HFB will periodically spotlight one of our alumni. If you are interested in being highlighted please contact Miriam Doyle at firstname.lastname@example.org.
Name: Amy Stromme
Year(s) in Hands for a Bridge: 2009-2010
School Affiliation: University of Puget Sound
Post-secondary school education and/or work, and future plans:
After graduating from Roosevelt High School in 2010, I enrolled at University of Puget Sound. There, I majored in International Political Economy with an emphasis in Global Development. In my senior year my favorite professor, Nick Kontogeorgopolus, recruited me to work for a non profit, called Teach Thailand Corps. TTC places English teachers in communities that wouldn’t typically be able to afford or attract teachers. So the day after I graduated in 2014, I boarded a plane and headed for Bamnet-Narong Chaiyaphum, Thailand where I would write my own English curriculum, teach 5 classes a day, 5 days a week in two schools in different villages, and developed a lasting love for service. When I returned from Thailand I continued in this trajectory, volunteering overnight with my church’s women’s shelter, and eventually taking a position as an AmeriCorps member with United Way of King County. In that role my partner, Jess Walton, and I were tasked with increasing food security for low income students at Wing Luke Elementary School. By implementing the nationally recognized Breakfast after the Bell program, we were able to increase breakfast participation by 300% at the elementary school, a difference of 100 more students eating breakfast each morning. Looking forward I hope to eventually get my masters in social work and am currently looking for work in nonprofits in the city that work to combat homelessness.
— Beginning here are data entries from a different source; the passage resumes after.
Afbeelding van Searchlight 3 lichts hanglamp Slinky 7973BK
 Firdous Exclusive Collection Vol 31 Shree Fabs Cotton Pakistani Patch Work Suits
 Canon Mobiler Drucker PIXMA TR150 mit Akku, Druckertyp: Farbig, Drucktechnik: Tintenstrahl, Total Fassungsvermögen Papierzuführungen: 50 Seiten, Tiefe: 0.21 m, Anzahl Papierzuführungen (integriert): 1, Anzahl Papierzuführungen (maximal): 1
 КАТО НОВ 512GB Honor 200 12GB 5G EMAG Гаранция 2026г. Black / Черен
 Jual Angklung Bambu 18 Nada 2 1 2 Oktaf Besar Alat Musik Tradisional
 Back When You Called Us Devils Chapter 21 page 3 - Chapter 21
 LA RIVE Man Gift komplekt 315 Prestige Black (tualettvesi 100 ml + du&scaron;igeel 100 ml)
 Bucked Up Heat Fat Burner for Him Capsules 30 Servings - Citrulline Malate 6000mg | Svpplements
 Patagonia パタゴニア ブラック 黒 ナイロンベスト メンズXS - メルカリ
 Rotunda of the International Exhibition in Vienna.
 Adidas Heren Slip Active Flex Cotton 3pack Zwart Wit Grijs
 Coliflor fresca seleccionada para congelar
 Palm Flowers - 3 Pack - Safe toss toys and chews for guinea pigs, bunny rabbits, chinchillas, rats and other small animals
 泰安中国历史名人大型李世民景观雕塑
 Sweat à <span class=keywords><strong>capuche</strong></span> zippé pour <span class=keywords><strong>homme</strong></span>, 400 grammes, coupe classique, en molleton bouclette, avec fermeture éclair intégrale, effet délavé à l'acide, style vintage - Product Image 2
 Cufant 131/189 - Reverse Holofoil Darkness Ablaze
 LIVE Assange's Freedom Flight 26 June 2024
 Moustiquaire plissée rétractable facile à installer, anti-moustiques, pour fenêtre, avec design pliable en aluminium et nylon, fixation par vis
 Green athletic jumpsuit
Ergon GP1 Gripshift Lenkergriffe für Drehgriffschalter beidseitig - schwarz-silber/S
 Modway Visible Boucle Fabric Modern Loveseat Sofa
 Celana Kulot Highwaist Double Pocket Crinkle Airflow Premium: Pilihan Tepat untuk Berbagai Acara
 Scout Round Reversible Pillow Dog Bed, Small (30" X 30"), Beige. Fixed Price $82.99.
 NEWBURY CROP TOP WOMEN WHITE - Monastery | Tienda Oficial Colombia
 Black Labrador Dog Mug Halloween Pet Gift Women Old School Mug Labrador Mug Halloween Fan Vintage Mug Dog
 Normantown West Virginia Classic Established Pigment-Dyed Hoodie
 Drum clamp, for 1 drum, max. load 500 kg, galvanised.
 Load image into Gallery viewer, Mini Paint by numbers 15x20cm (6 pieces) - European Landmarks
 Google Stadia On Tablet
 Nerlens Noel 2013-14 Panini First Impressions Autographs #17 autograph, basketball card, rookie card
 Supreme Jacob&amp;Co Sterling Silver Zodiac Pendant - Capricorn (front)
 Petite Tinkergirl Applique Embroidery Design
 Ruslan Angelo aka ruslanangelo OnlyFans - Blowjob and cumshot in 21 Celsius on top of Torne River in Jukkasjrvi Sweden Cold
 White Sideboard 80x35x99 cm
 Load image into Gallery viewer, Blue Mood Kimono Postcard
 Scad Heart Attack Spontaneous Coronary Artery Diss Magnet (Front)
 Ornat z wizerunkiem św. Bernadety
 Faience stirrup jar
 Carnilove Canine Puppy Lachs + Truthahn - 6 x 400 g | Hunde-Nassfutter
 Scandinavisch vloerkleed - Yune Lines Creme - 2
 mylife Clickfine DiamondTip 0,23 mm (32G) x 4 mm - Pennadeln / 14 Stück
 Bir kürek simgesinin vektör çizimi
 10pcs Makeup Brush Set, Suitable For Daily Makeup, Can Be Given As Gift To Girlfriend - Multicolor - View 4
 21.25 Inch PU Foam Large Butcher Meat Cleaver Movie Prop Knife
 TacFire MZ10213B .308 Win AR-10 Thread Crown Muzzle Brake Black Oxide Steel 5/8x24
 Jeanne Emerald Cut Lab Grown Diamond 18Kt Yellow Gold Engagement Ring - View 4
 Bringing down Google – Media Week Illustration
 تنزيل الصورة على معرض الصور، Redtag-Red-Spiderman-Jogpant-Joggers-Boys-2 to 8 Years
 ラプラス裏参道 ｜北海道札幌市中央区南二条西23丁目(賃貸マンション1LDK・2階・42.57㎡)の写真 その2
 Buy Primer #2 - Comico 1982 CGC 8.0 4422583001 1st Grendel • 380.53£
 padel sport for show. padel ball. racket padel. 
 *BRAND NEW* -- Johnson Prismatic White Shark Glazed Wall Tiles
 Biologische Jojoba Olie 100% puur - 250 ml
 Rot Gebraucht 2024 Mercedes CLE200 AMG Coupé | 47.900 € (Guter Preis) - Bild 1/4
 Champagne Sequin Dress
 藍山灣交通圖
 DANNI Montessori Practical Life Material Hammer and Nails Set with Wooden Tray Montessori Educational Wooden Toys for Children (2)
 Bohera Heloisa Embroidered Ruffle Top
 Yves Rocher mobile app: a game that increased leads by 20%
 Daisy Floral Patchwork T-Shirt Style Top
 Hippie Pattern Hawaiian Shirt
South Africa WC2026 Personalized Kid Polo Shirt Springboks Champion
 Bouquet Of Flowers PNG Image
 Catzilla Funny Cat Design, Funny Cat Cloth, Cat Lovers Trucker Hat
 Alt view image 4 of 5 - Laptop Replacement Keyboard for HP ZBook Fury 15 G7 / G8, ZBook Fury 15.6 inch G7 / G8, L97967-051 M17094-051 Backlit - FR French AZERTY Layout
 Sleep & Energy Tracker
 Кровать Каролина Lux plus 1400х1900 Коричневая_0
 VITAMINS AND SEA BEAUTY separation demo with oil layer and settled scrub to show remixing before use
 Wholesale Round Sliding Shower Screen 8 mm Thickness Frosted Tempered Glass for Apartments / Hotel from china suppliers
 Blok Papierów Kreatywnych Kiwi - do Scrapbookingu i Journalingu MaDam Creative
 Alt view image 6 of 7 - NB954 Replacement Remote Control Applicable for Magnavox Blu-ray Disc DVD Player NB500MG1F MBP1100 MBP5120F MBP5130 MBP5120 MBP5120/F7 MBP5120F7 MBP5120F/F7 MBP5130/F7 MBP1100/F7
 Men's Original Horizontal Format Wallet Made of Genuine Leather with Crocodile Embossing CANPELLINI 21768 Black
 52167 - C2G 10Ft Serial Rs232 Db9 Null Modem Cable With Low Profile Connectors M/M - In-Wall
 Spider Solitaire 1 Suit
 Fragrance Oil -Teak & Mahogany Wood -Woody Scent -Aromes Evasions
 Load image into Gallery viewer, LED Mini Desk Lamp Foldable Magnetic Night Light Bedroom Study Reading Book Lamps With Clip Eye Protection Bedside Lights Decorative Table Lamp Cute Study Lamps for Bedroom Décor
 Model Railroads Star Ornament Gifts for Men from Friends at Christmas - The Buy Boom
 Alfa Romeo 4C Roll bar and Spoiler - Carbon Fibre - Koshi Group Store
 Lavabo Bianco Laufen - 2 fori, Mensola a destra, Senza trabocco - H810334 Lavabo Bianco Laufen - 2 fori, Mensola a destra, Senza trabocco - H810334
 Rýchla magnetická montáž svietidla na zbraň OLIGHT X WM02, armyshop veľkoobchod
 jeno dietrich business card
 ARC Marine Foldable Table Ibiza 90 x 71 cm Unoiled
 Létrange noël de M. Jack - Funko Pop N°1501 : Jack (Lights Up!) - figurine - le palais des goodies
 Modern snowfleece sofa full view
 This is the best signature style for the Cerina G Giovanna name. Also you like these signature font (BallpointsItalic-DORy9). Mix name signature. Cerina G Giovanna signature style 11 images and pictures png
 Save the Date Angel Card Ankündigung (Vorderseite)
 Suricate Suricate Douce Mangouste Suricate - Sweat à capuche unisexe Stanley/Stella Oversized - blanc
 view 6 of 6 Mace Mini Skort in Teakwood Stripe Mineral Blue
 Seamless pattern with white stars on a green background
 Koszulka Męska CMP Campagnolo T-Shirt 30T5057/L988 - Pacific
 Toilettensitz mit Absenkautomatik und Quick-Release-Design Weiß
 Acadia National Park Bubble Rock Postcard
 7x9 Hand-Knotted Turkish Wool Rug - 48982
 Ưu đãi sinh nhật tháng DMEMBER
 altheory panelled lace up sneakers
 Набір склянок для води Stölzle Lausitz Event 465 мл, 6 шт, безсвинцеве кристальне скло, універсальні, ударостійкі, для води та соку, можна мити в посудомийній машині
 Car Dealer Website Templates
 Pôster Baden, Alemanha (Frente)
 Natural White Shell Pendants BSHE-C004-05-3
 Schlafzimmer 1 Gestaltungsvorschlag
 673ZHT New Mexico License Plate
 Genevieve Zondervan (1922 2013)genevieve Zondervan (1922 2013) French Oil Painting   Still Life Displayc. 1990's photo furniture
Hands for a Bridge was a critical experience in my high school years! It planted in me an early commitment to social justice, and challenged me to recognize my responsibility not only as an American, but as a global citizen. I think HFB was the first place where I was asked to take a real inventory of my identity and think about how that relates to others inside and outside my immediate communities. I also loved the emphasis HFB put on art and dialogue. I remember HFB always being a safe place to ask questions, explore ideas, and speak my mind. In college, when I was selecting a major, a friend told me about the International Political Economy department. IPE immediately appealed to my interests but the deciding factor was when my mother asked me, “Doesn’t that major sound a lot like your old HFB program?” If it weren’t for HFB I think I would have pursued my original plan, an Art History and Business double major, and I would be looking ahead to a future in curatorial work in an institution. Instead, I committed to IPE, and I want to be a change agent in Seattle. This is single example of it’s impact, but I earnestly think I might be a different woman if it weren’t for HFB.